I'm catching up on my reading, going through a textbook about advertising and promotion, reading the bit about social networking sites as promotional tools. As is so often the case with textbooks, the information is out of date. Here's the problem: the book was published in 2008. Important news for textbook publishers: It's impossible to write about the internet in print. By the time the books gets to print and into the hands of readers, what was good, current information is out of date and outmoded. Print isn't fast enough.

What's the solution to this problem, then? A couple things. Thing one, I'd like to see my purchase of the textbook give me access to a pdf of the book as well. (A good example of a publisher doing this is The Pragmatic Bookshelf. Ubuntu Kung Fu, for example, offers a pdf option, as well as couple other neat things that I'm about to talk about.) Offering a pdf version means giving readers something searchable and easier to navigate than a physical book.

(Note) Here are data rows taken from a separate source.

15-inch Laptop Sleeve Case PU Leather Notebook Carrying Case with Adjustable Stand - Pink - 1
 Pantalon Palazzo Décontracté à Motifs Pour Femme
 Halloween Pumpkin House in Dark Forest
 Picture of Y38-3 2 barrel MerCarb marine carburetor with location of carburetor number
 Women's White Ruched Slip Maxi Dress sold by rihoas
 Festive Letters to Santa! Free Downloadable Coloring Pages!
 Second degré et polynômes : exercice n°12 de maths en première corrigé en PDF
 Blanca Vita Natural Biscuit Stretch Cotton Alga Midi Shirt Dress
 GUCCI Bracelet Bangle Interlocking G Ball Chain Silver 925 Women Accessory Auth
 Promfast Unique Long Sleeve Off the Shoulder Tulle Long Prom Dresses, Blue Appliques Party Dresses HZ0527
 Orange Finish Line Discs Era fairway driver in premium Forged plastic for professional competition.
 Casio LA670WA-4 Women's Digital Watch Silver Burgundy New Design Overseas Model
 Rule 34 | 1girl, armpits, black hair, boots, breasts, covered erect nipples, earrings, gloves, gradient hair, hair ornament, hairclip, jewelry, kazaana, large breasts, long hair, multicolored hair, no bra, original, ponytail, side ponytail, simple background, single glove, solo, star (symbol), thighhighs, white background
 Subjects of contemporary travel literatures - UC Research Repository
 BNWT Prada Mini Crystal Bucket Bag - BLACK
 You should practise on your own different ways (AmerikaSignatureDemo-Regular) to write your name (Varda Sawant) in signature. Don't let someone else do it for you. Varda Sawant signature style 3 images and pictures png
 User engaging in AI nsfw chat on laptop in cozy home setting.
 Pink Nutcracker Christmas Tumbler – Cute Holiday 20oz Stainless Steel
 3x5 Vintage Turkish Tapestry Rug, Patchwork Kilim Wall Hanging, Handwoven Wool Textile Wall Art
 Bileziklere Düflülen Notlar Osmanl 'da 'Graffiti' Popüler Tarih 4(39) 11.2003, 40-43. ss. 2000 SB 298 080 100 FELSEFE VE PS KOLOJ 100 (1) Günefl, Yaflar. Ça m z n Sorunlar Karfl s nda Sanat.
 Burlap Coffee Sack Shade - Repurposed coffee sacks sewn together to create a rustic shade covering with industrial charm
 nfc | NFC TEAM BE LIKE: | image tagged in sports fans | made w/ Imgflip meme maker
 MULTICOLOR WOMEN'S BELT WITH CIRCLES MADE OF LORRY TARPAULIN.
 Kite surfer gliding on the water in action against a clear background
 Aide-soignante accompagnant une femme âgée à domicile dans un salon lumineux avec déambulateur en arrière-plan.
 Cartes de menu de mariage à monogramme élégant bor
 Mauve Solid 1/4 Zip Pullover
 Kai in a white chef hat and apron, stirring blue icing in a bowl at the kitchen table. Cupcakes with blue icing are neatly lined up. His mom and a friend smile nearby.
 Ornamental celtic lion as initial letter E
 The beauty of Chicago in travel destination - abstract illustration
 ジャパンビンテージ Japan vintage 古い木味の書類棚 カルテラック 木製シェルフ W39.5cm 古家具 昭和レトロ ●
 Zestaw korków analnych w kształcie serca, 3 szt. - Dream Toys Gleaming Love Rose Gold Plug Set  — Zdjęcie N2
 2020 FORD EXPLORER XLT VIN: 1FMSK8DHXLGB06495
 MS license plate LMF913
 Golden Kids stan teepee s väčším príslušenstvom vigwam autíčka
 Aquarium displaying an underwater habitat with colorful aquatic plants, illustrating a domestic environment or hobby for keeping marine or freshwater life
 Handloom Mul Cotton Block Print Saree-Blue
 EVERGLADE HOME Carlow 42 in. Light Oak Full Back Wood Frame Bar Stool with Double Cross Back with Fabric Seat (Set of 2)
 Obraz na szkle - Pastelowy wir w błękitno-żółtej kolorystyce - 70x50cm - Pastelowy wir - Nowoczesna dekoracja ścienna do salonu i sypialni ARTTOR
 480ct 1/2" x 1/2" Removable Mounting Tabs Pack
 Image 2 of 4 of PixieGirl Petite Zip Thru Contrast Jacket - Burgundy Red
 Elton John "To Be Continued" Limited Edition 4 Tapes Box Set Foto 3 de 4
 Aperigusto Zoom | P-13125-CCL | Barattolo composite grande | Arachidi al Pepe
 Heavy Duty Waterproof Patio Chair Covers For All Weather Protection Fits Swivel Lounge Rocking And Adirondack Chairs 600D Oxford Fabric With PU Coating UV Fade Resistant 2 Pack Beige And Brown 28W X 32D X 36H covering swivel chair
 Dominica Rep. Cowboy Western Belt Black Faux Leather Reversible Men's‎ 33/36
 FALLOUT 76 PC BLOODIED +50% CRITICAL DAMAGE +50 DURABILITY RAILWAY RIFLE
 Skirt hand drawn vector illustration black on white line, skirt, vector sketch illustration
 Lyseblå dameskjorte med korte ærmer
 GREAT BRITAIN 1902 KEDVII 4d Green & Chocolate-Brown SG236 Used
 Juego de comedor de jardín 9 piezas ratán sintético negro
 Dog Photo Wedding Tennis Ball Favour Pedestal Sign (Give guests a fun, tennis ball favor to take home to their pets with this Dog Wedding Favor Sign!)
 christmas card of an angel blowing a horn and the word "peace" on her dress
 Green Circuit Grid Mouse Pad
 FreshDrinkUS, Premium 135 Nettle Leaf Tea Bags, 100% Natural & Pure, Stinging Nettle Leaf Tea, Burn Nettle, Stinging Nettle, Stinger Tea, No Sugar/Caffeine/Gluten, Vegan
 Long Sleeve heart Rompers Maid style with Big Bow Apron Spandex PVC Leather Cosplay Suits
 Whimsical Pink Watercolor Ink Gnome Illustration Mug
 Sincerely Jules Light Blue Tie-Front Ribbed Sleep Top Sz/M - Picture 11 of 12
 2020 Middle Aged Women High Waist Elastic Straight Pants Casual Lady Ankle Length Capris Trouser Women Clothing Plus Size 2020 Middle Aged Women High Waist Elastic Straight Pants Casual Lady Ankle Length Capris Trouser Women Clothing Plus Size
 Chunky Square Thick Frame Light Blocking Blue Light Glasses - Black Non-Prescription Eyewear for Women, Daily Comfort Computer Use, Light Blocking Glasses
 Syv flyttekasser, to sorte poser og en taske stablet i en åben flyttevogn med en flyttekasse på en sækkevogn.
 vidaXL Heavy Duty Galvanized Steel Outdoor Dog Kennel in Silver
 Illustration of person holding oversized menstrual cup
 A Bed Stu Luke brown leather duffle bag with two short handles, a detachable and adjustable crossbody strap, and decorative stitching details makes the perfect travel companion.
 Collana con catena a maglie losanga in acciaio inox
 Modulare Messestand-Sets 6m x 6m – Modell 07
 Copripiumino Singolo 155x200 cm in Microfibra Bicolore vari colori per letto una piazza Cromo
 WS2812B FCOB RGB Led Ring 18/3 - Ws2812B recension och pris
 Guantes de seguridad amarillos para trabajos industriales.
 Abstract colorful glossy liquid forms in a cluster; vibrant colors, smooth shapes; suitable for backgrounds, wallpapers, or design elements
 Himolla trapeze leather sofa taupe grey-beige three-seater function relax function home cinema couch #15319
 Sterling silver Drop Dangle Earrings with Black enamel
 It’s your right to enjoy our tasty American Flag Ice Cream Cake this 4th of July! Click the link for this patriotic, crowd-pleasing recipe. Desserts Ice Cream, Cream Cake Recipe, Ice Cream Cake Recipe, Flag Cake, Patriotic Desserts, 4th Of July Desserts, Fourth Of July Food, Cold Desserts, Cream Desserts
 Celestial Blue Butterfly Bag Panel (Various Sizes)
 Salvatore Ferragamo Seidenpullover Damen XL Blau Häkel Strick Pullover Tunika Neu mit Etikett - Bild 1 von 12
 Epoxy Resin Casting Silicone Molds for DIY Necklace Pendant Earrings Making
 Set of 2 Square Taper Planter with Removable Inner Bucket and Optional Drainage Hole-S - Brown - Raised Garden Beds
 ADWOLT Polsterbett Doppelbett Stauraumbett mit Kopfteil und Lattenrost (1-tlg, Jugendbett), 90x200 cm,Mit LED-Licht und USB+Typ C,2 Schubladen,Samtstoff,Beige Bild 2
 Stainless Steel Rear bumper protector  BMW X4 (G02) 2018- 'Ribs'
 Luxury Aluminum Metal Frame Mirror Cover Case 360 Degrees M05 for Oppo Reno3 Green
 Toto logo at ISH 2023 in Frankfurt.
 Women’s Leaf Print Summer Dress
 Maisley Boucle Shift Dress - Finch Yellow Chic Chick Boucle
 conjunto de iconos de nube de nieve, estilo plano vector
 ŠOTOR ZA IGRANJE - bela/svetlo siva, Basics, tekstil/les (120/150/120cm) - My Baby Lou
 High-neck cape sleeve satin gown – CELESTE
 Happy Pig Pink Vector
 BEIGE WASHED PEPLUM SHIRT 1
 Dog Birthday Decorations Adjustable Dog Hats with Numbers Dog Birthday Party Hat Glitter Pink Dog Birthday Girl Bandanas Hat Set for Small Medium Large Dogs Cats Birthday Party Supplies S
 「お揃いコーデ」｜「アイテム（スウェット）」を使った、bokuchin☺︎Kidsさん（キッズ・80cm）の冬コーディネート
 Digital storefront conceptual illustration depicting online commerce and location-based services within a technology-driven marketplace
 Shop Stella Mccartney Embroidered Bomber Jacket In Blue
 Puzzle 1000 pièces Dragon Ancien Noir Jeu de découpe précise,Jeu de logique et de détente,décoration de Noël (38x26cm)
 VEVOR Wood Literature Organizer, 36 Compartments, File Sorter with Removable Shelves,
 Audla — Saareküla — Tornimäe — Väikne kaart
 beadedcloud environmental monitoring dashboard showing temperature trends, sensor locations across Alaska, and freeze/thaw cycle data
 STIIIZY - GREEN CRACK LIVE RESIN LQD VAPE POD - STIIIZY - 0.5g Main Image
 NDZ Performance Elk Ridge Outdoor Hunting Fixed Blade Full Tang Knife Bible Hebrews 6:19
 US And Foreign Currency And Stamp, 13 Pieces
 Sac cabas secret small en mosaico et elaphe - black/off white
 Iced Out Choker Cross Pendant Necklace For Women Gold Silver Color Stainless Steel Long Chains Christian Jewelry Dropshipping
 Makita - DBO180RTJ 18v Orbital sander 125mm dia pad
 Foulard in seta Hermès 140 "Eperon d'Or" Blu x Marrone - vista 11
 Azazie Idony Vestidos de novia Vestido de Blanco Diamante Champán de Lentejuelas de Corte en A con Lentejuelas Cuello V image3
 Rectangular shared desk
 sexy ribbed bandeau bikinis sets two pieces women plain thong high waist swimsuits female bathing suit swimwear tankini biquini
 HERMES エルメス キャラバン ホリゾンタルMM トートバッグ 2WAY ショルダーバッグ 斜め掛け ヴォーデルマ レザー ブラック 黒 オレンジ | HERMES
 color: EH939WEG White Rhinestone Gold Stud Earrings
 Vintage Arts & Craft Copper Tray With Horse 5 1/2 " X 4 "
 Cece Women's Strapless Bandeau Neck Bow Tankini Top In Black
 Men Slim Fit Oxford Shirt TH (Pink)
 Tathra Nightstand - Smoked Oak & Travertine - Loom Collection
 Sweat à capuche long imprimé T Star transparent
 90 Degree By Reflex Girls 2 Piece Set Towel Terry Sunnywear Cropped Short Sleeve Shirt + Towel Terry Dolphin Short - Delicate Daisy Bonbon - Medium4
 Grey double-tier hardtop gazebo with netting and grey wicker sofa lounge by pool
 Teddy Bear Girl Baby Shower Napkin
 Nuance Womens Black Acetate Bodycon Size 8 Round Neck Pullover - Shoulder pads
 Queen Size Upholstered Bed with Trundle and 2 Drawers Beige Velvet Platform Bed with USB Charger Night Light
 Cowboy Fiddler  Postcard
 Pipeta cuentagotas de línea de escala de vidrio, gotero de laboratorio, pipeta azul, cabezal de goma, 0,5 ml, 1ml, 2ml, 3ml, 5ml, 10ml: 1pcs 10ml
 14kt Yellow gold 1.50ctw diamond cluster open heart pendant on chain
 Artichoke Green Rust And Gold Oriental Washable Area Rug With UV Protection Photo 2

That's important when the book in question isn't a novel. Thing two, I want to see online errata and updates. I know it's impossible to expect publishers and authors to constantly revise their books, but I'd really like a little community and challenge to build up around textbooks (for an example, look again at Ubuntu Kung Fu). Give me an errata section that users can contribute to, give me updates on the subject matter, give me a discussion board. In short, give me an online portal for the textbook. Make it relevant and timely. For marketing especially, things don't lie still. Timely subjects need timely textbooks, not a new version every couple years.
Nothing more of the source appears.